:: Records contained in a dataset ::
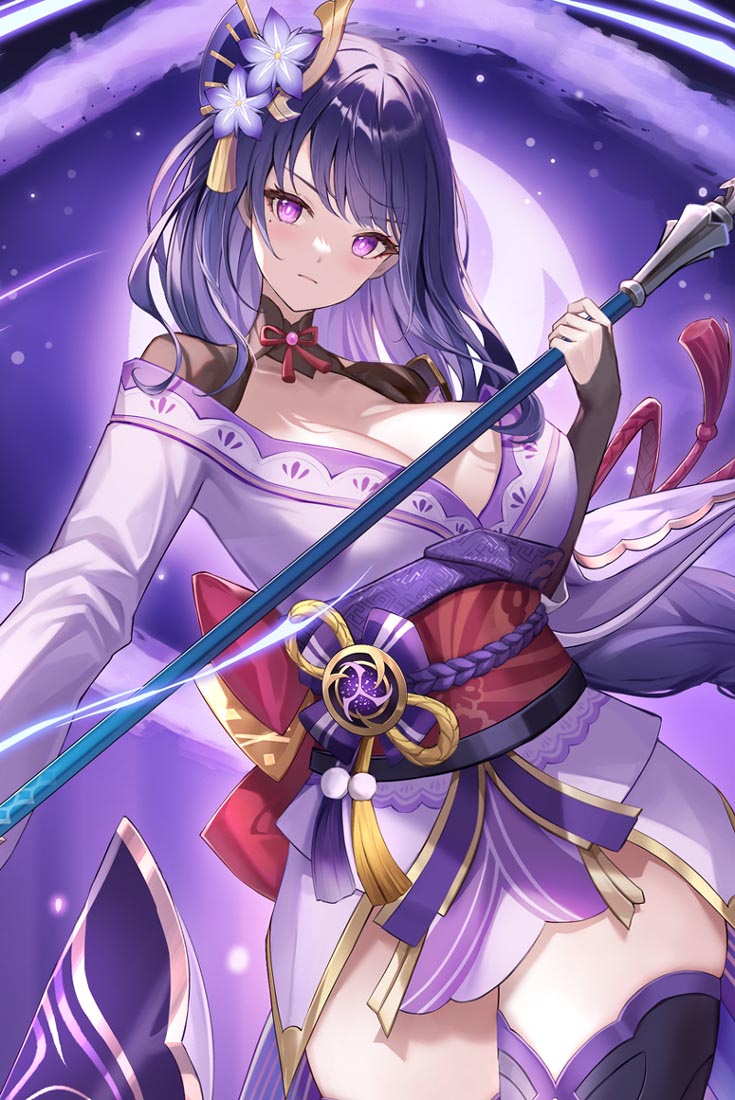 晚安#Xman宅圈小站【230508】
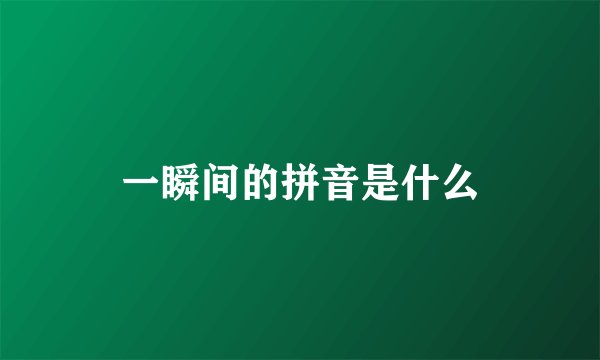 一瞬间的拼音是什么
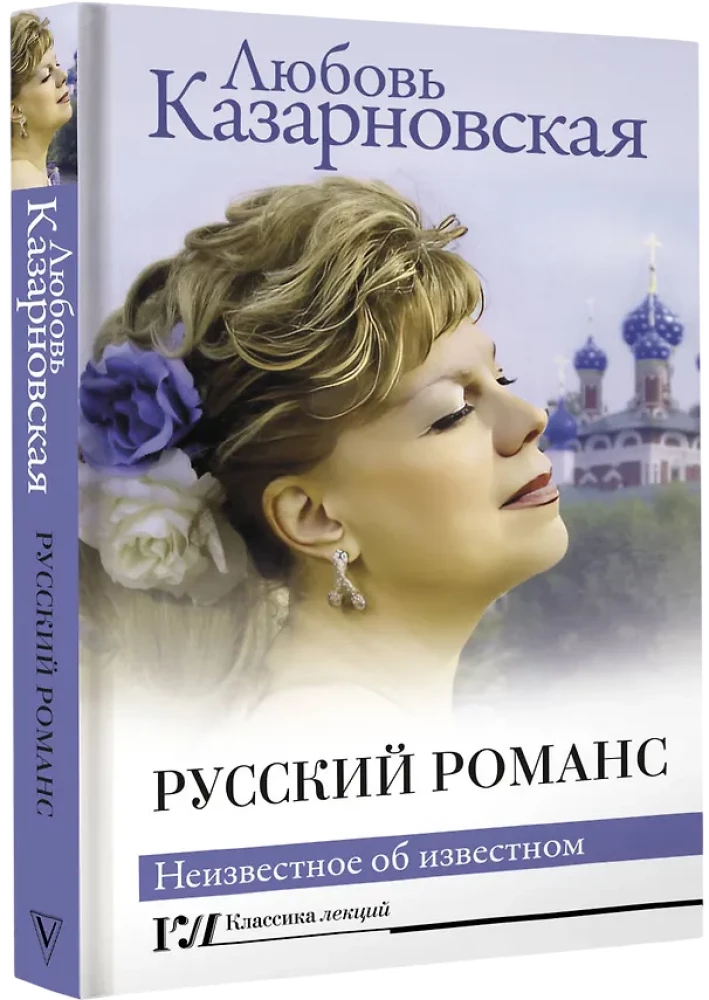 Русский романс. Неизвестное об известном
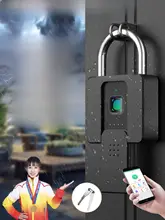 屋外用防水スマート指紋ロック【リモコン操作・防盗・電子鍵】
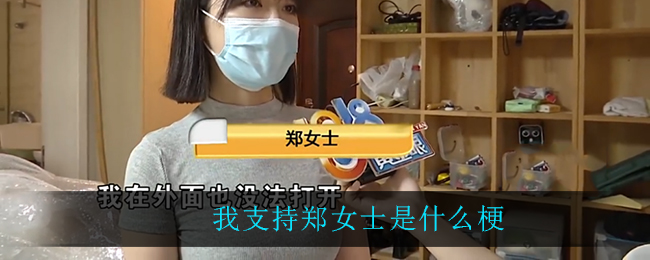 我支持郑女士是什么梗(郑女士是什么梗)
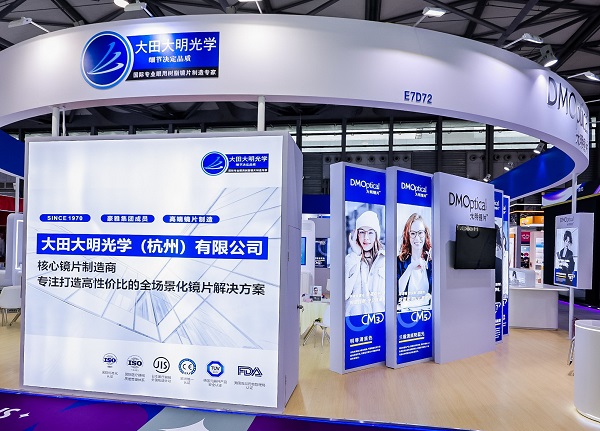 DMOptical大明镜片首秀SIOF2026，以细节哲学开启视觉新境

:: WORK REQUEST ::
Give back the records word for word, without their pictures.

:: THE ANSWER ::
 晚安#Xman宅圈小站【230508】
 一瞬间的拼音是什么
 Русский романс. Неизвестное об известном
 屋外用防水スマート指紋ロック【リモコン操作・防盗・電子鍵】
 我支持郑女士是什么梗(郑女士是什么梗)
 DMOptical大明镜片首秀SIOF2026，以细节哲学开启视觉新境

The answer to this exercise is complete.